Abstract:
Multiple myeloma (MM) is an incurable plasma cell malignancy primarily localized within the bone marrow (BM). Myeloma plasma cells, like many other cancer cells, change their metabolism in response to internal and external stimuli. The main metabolic alterations of MM cells include deregulated glycolysis (commonly associated with enhanced uptake and utilization of glucose), lipid metabolism dysregulation, as well as deregulated mitochondrial respiration (commonly associated with the deregulated formation of reactive oxygen species). Over the past decade, the discovery of novel methodologies and the commercialization of sophisticated instrumentation and reagents have facilitated the detection of real-time changes in cellular bioenergetics. Of those, the Seahorse™ extracellular flux (XF) analyzer has been widely used to evaluate the glycolytic flux and mitochondrial respiration in many cell types.
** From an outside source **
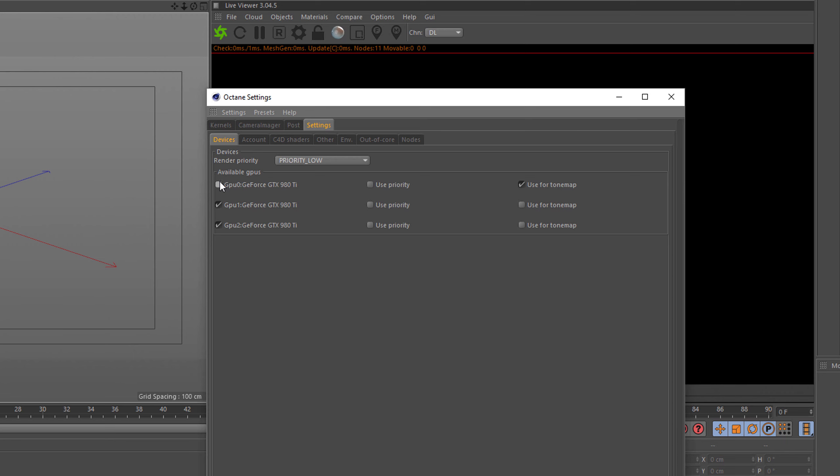The next thing is the priority, and this is almost the same as turning off your card - it's turning your card to a lower priority. So when I tick that, the priority from above here will be used to utilize the rendering power of your card. So priority low means that the card is not using all its power for rendering, but for also other applications.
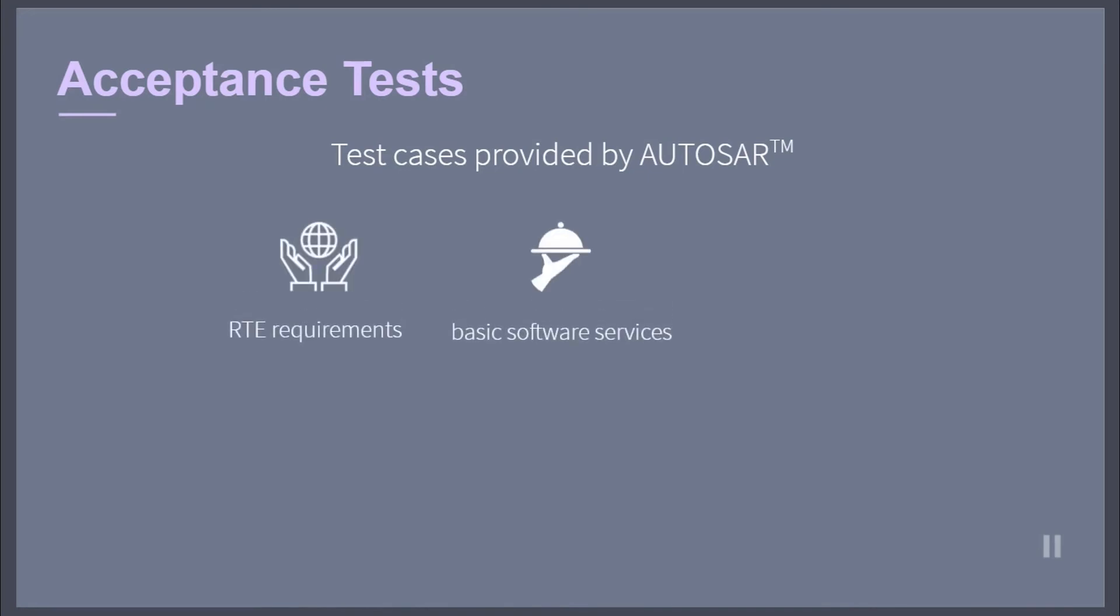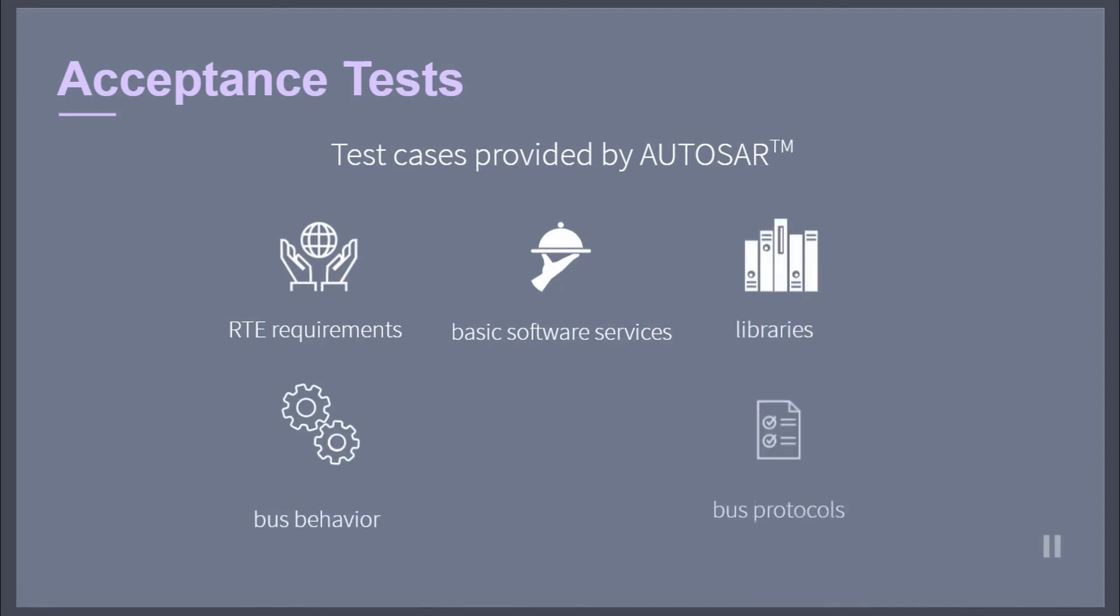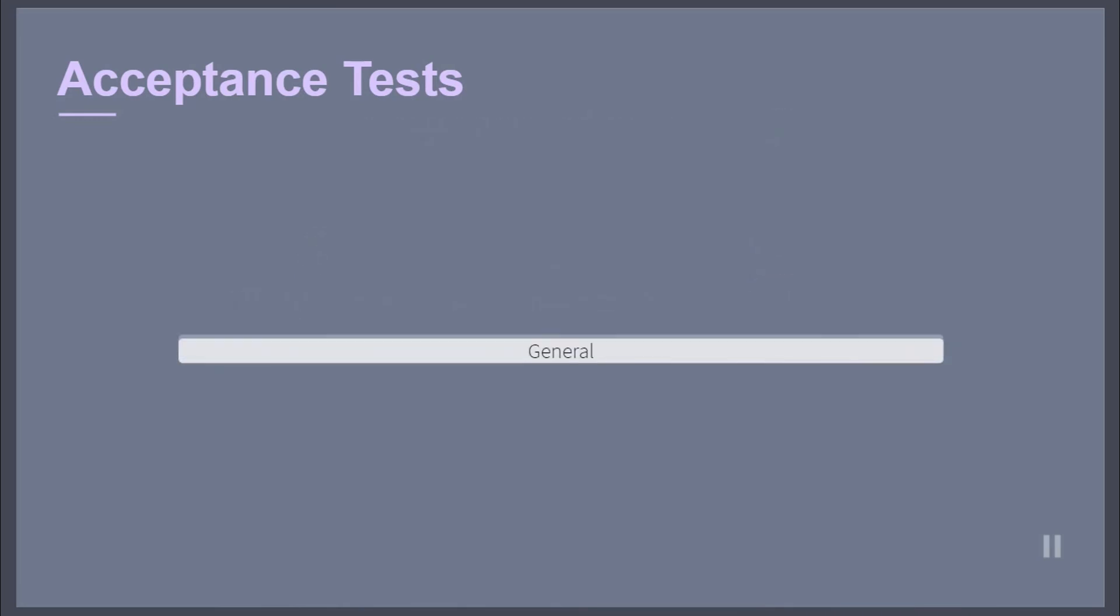basic software services, libraries, as well as bus behavior and bus protocols. General documents like the main requirements building the base of the standard.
While adherent cell lines are easy to use with this technology, non-adherent suspension cells are more difficult to handle especially when their metabolic activities are being investigated in response to drug treatment. Here, we provide an integrated protocol that allows the detection of extracellular acidification rate (ECAR) of live myeloma plasma cells in response to chemotherapeutic drugs. Our optimized protocol consists of treating myeloma cells with cytotoxic drug of interest in a standard culture plate prior to the real-time analysis in the XF analyzer. Furthermore, we provide results of experiments in which the metabolic activities of myeloma cells in response to cytotoxic treatment were compared between the manufacturer\'s basic procedure and our optimized protocol. Our observations suggest that our integrated protocol can be used to achieve consistent, well-standardized results and thus it may have broad applications in studies focusing on the characterization of metabolic events in non-adherent suspension cells.
摘要:
多发性骨髓瘤(MM)是一种无法治愈的浆细胞恶性肿瘤,主要位于骨髓(BM)内。骨髓瘤浆细胞,像许多其他癌细胞一样,改变它们的新陈代谢以响应内部和外部刺激。MM细胞的主要代谢改变包括糖酵解失调(通常与葡萄糖的摄取和利用增强有关)。脂质代谢失调,以及线粒体呼吸失调(通常与活性氧的失调形成有关)。在过去的十年里,新方法的发现以及复杂仪器和试剂的商业化促进了细胞生物能量学实时变化的检测。其中,Seahorse™细胞外通量(XF)分析仪已广泛用于评估许多细胞类型的糖酵解通量和线粒体呼吸。虽然贴壁细胞系易于使用这种技术,非贴壁悬浮细胞更难处理,尤其是当它们的代谢活性正在研究响应于药物治疗时。这里,我们提供了一个综合方案,该方案允许检测骨髓瘤活浆细胞对化疗药物的反应的细胞外酸化率(ECAR).我们的优化方案包括在XF分析仪中进行实时分析之前,在标准培养板中用感兴趣的细胞毒性药物处理骨髓瘤细胞。此外,我们提供了实验结果,其中在制造商的基本程序和我们的优化方案之间比较了骨髓瘤细胞对细胞毒性治疗的反应的代谢活性。我们的观察表明,我们的集成协议可以用来实现一致,因此,它可能在专注于表征非粘附悬浮细胞中代谢事件的研究中具有广泛的应用。